• WORK REQUIRED
Extract every entry word for word. Skip the pictures.

• DATA RECORDS
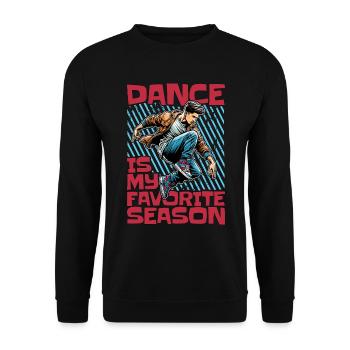 Dance Teacher Dance Is My Favorite Season Dancing - Unisex Sweatshirt - black - Front - Alina (178cm) & Michal (187cm)
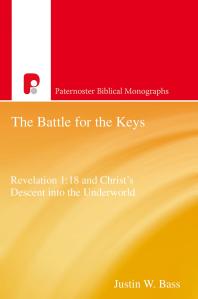 The Battle For The Keys Revelation 118 And Christs Descent Into The Underworld 1st Edition Justin W Bass
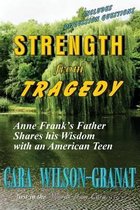 Strength from Tragedy
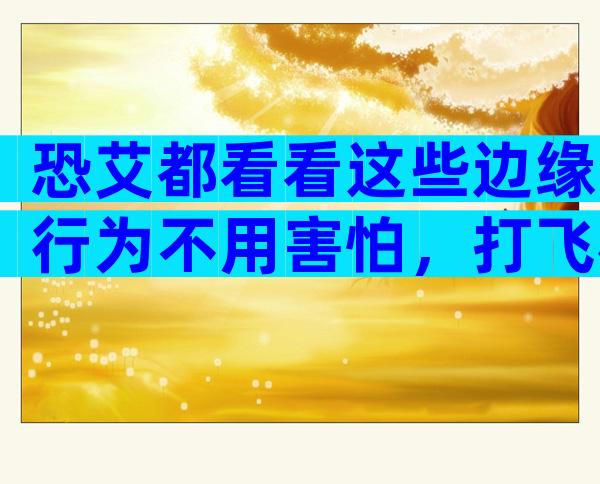 恐艾都看看这些边缘行为不用害怕，打飞机、按摩都很安全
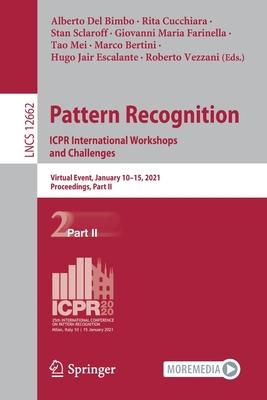 Pattern Recognition and Information Forensics: Icpr 2020 International Workshops, Virtual Event, January 10-11, 2021, Proceedings, Part II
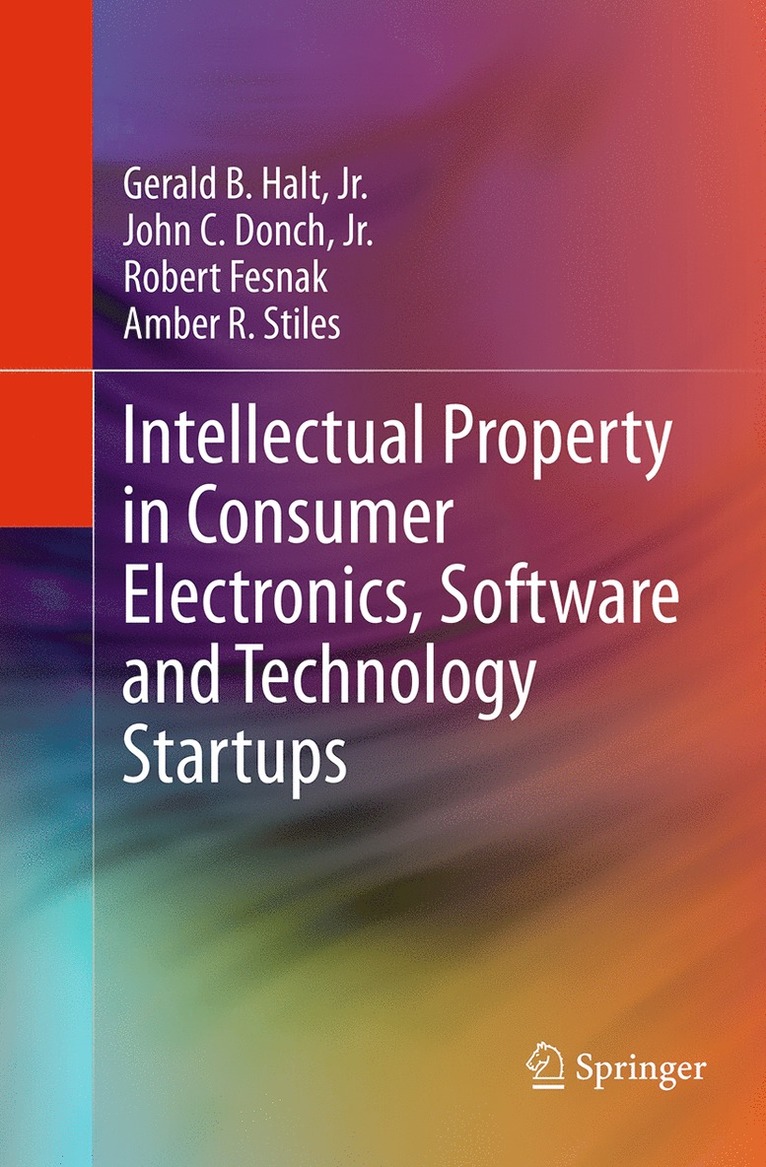 Intellectual Property in Consumer Electronics, Software and Technology Startups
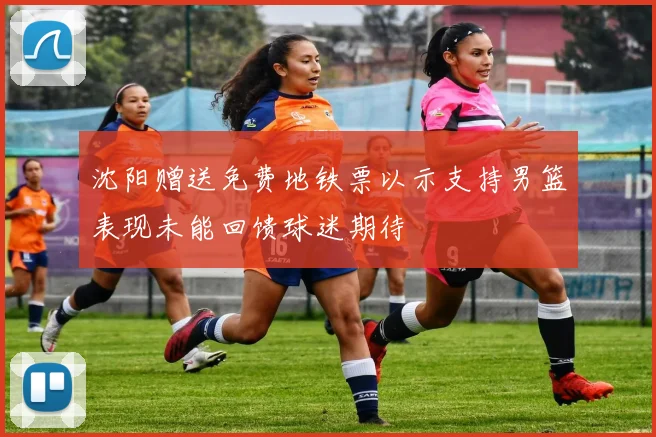 沈阳赠送免费地铁票以示支持男篮表现未能回馈球迷期待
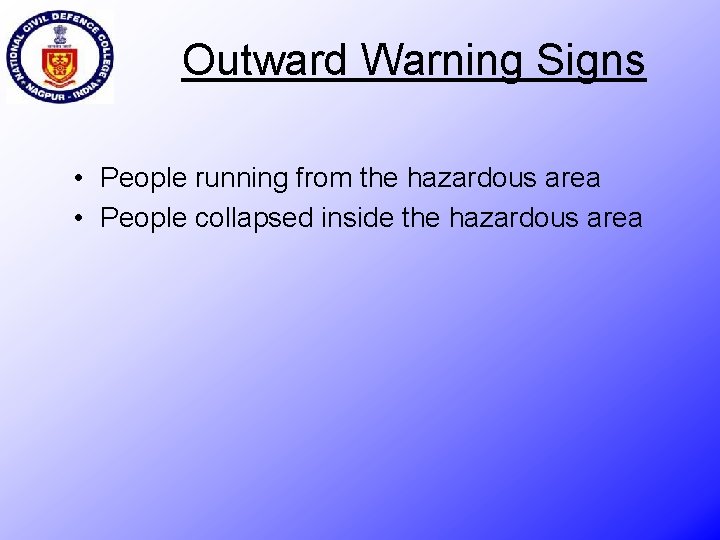 Outward Warning Signs • People running from the hazardous area • People collapsed inside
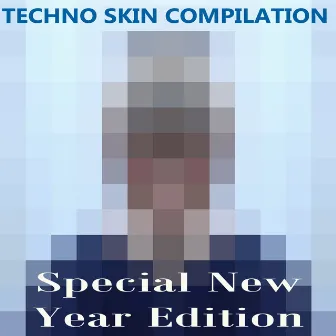 Techno Skin Compilation-Special New Year Edition by Buben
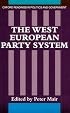 The West European Party System (Oxford Readings in Politics and Government)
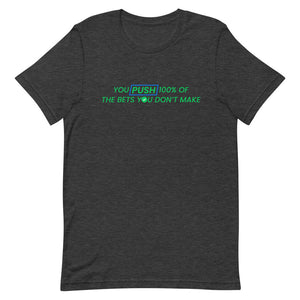 You Push 100% of the Bets You Don't Make T-Shirt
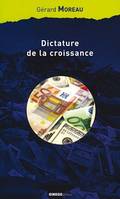 Dictature de la croissance, Guide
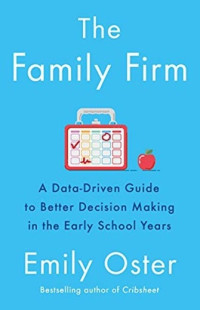 Image of The Family Firm: A Data-Driven Guide to Better Decision-Making in the Early School Years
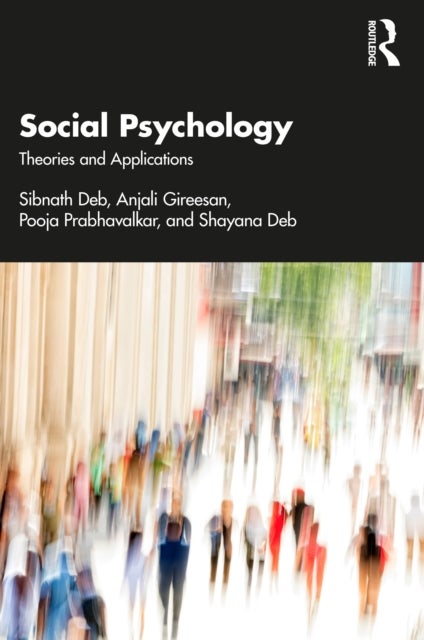 Social Psychology - Theories and Applications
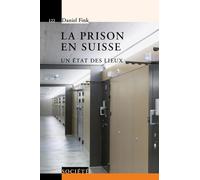 La prison en Suisse: Un état des lieux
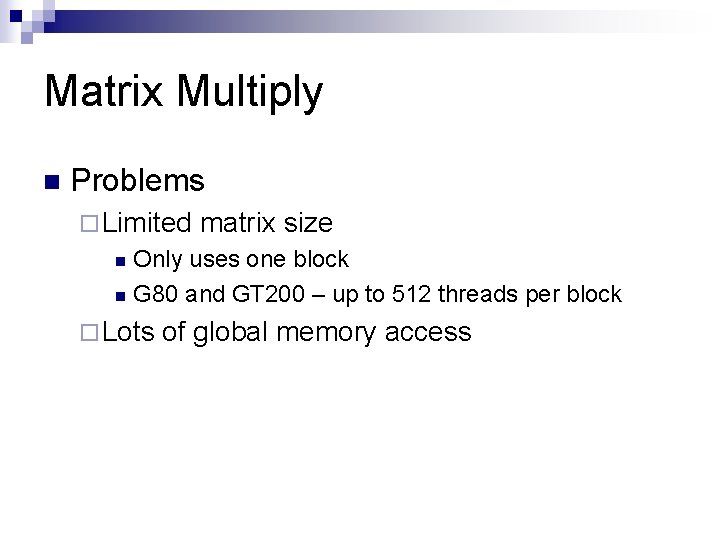 Matrix Multiply n Problems ¨ Limited matrix size Only uses one block n G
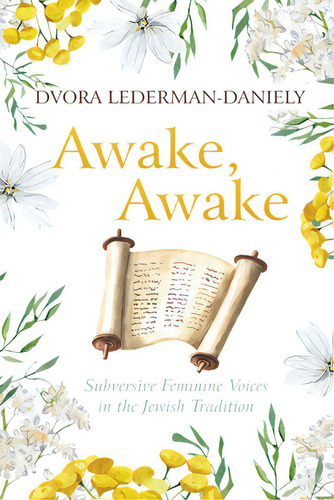 Awake, Awake, De Lederman-daniely, Dvora. Editorial Wipf & Stock Publ, Tapa Dura En Inglés
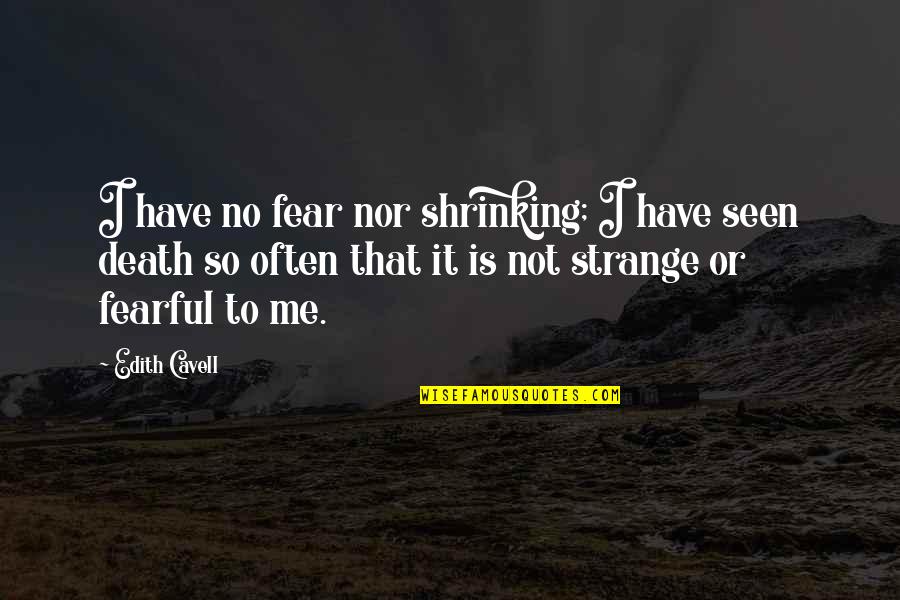 Fear Not Death Quotes By Edith Cavell: I have no fear nor shrinking; I have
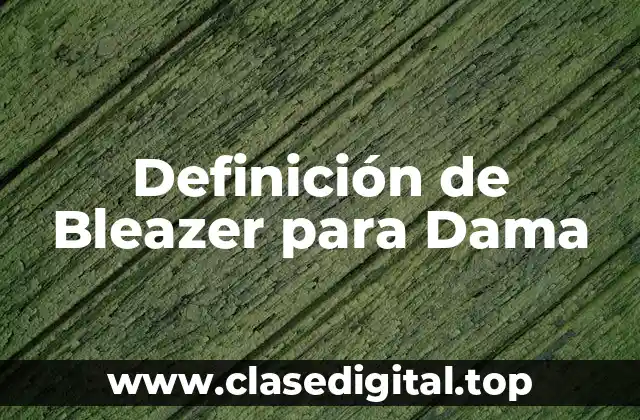 Definición de Bleazer para Dama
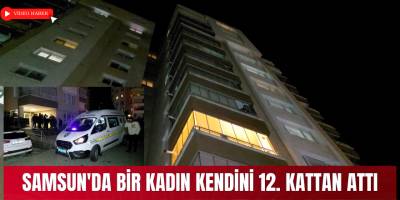 Samsun'da bir kadın kendini 12. kattan attı
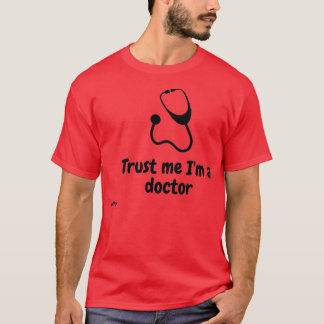 Camiseta Confía en mí Ix27m un médica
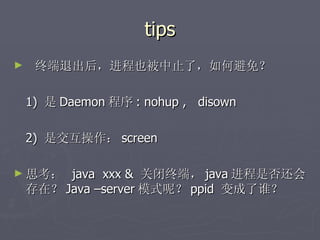 tips 终端退出后，进程也被中止了，如何避免？ 1)  是 Daemon 程序 : nohup ,  disown 2)  是交互操作： screen 思考：  java  xxx &  关闭终端， java 进程是否还会存在？ Java –server 模式呢？ ppid  变成了谁？ 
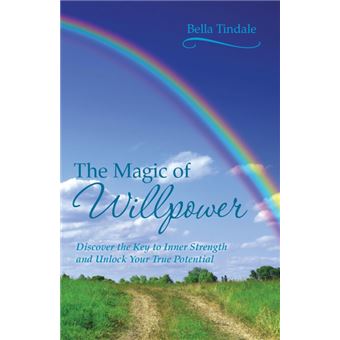 The Magic of Willpower - Discover the Key to Inner Strength and Unlock Your True Potential - Paperback / softback - 2013 - 1
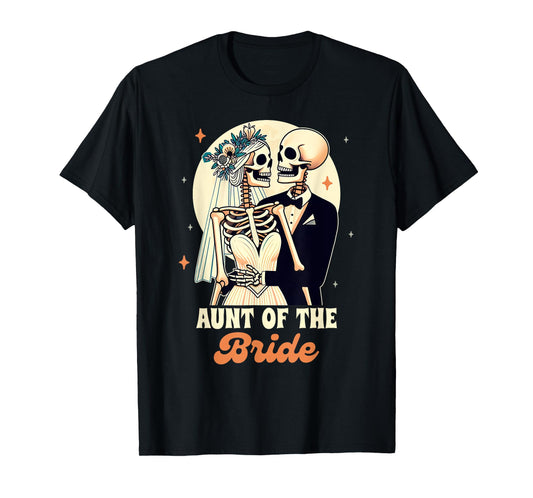 Auntie Of The Bride Wedding Rehearsal Aunt Of The Bride T-Shirt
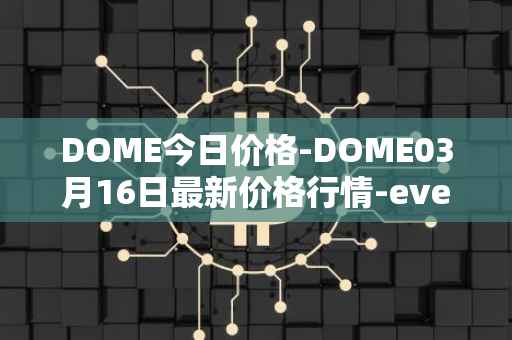 DOME今日价格-DOME03月16日最新价格行情-everdome最新走势消息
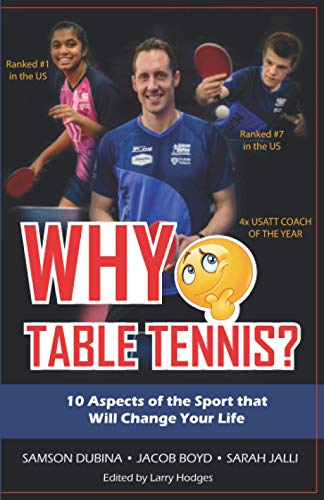 Stock image for Why Table Tennis?: 10 Aspects of the Sport That Will Change Your Life for sale by Decluttr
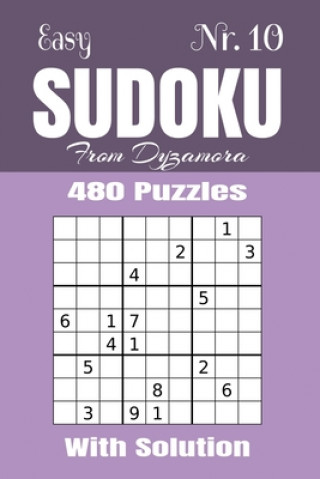 Kniha Easy Sudoku Nr.10: 480 puzzles with solution From Dyzamora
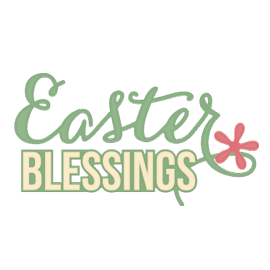 Free SVG File – 03.08.13 – Easter Blessings Caption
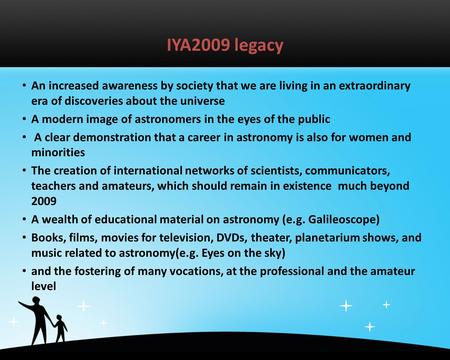 IYA2009 legacy An increased awareness by society that we are living in an extraordinary era of discoveries about the universe A modern image of astronomers.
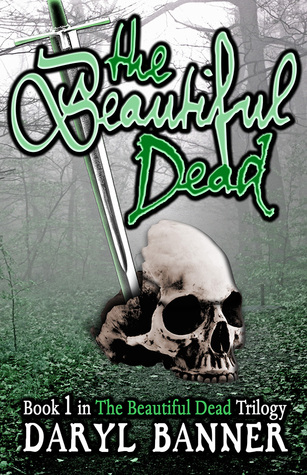 The Beautiful Dead (The Beautiful Dead, #1)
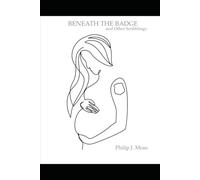 BENEATH THE BADGE: And Other Scribblings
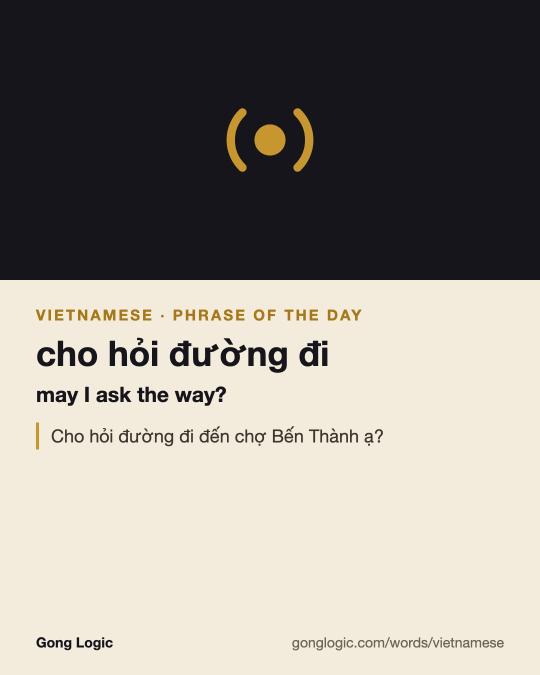 The Vietnamese word cho hỏi đường đi, illustrated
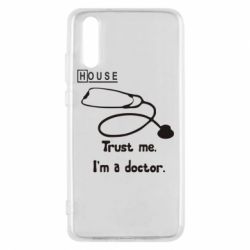 Чехол для Huawei P20 House trust me - PrintSalon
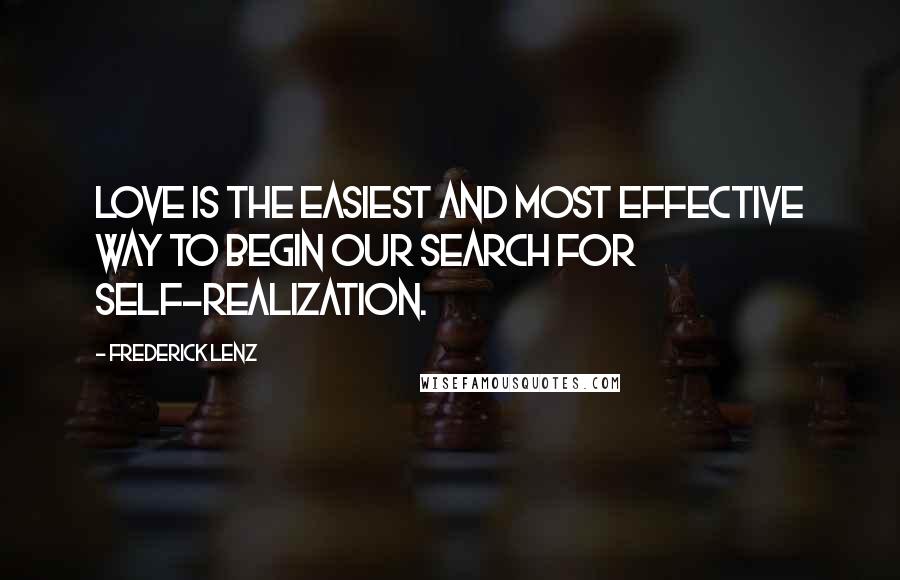 Frederick Lenz Quotes: Love is the easiest and most effective way to begin our search for self-realization.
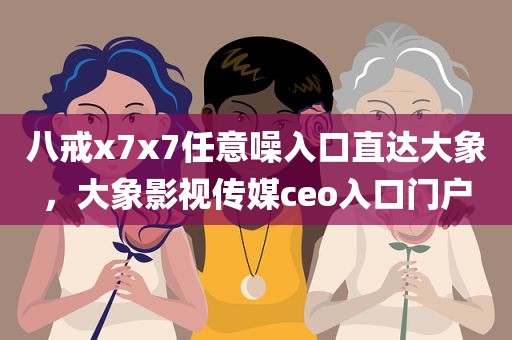 八戒x7x7任意噪入口直达大象，大象影视传媒ceo入口门户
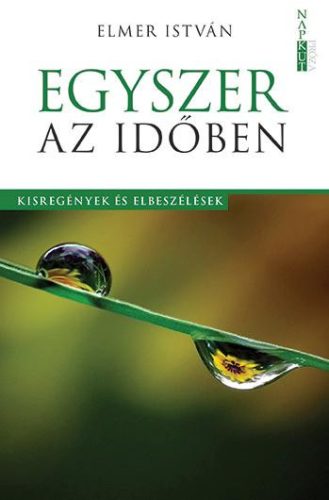 EGYSZER AZ IDŐBEN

• SOLUTION FOR THIS TASK
 Dance Teacher Dance Is My Favorite Season Dancing - Unisex Sweatshirt - black - Front - Alina (178cm) & Michal (187cm)
 The Battle For The Keys Revelation 118 And Christs Descent Into The Underworld 1st Edition Justin W Bass
 Strength from Tragedy
 恐艾都看看这些边缘行为不用害怕，打飞机、按摩都很安全
 Pattern Recognition and Information Forensics: Icpr 2020 International Workshops, Virtual Event, January 10-11, 2021, Proceedings, Part II
 Intellectual Property in Consumer Electronics, Software and Technology Startups
 沈阳赠送免费地铁票以示支持男篮表现未能回馈球迷期待
 Outward Warning Signs • People running from the hazardous area • People collapsed inside
 Techno Skin Compilation-Special New Year Edition by Buben
 The West European Party System (Oxford Readings in Politics and Government)
 You Push 100% of the Bets You Don't Make T-Shirt
 Dictature de la croissance, Guide
 Image of The Family Firm: A Data-Driven Guide to Better Decision-Making in the Early School Years
 Social Psychology - Theories and Applications
 La prison en Suisse: Un état des lieux
 Matrix Multiply n Problems ¨ Limited matrix size Only uses one block n G
 Awake, Awake, De Lederman-daniely, Dvora. Editorial Wipf & Stock Publ, Tapa Dura En Inglés
 Fear Not Death Quotes By Edith Cavell: I have no fear nor shrinking; I have
 Definición de Bleazer para Dama
 Samsun'da bir kadın kendini 12. kattan attı
 Camiseta Confía en mí Ix27m un médica
 tips 终端退出后，进程也被中止了，如何避免？ 1)  是 Daemon 程序 : nohup ,  disown 2)  是交互操作： screen 思考：  java  xxx &  关闭终端， java 进程是否还会存在？ Java –server 模式呢？ ppid  变成了谁？ 
 The Magic of Willpower - Discover the Key to Inner Strength and Unlock Your True Potential - Paperback / softback - 2013 - 1
 Auntie Of The Bride Wedding Rehearsal Aunt Of The Bride T-Shirt
 DOME今日价格-DOME03月16日最新价格行情-everdome最新走势消息
 Stock image for Why Table Tennis?: 10 Aspects of the Sport That Will Change Your Life for sale by Decluttr
 Kniha Easy Sudoku Nr.10: 480 puzzles with solution From Dyzamora
 Free SVG File – 03.08.13 – Easter Blessings Caption
 IYA2009 legacy An increased awareness by society that we are living in an extraordinary era of discoveries about the universe A modern image of astronomers.
 The Beautiful Dead (The Beautiful Dead, #1)
 BENEATH THE BADGE: And Other Scribblings
 The Vietnamese word cho hỏi đường đi, illustrated
 Чехол для Huawei P20 House trust me - PrintSalon
 Frederick Lenz Quotes: Love is the easiest and most effective way to begin our search for self-realization.
 八戒x7x7任意噪入口直达大象，大象影视传媒ceo入口门户
 EGYSZER AZ IDŐBEN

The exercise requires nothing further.